Talk to your doctor: Depending on your individual health circumstances — whether you have underlying health problems, or are at risk of blood clots or heart problems, or are undergoing cancer treatment — your doctor may have an opinion about which shot is best for you. Is. For example, different vaccines have different potential side effects.

What to know about Covid-19 booster shots

The FDA has authorized booster shots for millions of recipients of Pfizer-BioNtech, Moderna and Johnson & Johnson vaccines. Pfizer and Moderna recipients who are eligible for a booster include people age 65 and older, and young adults at high risk of severe Covid-19 due to medical conditions or where they work. Eligible recipients of Pfizer and Moderna can receive a booster at least six months after their second dose. All recipients of Johnson & Johnson will be eligible for a second shot at least two months after the first shot.
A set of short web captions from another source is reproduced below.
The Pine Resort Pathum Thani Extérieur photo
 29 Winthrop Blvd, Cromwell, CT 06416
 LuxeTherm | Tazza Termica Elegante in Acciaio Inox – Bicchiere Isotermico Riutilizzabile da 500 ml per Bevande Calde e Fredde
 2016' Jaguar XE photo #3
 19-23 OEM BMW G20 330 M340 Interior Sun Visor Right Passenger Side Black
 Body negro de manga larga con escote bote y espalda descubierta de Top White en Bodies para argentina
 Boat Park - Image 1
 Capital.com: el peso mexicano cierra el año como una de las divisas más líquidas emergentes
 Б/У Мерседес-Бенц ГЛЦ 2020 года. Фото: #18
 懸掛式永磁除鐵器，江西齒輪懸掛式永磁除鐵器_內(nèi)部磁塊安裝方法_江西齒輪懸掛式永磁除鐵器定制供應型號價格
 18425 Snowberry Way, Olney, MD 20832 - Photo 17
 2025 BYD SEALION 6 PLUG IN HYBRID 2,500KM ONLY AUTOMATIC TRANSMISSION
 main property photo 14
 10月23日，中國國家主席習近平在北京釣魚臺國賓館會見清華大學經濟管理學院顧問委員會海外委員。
Yes. The FDA has updated its authorizations to allow medical providers to promote people with a different vaccine than they initially received, a strategy known as “mix and match.” Whether you have received Moderna, Johnson & Johnson or Pfizer-BioNTech, you may get a booster from another vaccine. Regulators have not recommended one vaccine over another as a booster. They have also remained silent on whether it is better to stick with the same vaccine when possible.

The CDC states that conditions that qualify a person for a booster shot include: high blood pressure and heart disease; diabetes or obesity; cancer or blood disorder; weakened immune system; chronic lung, kidney or liver disease; Dementia and some disabilities. Pregnant women and current and former smokers are also eligible.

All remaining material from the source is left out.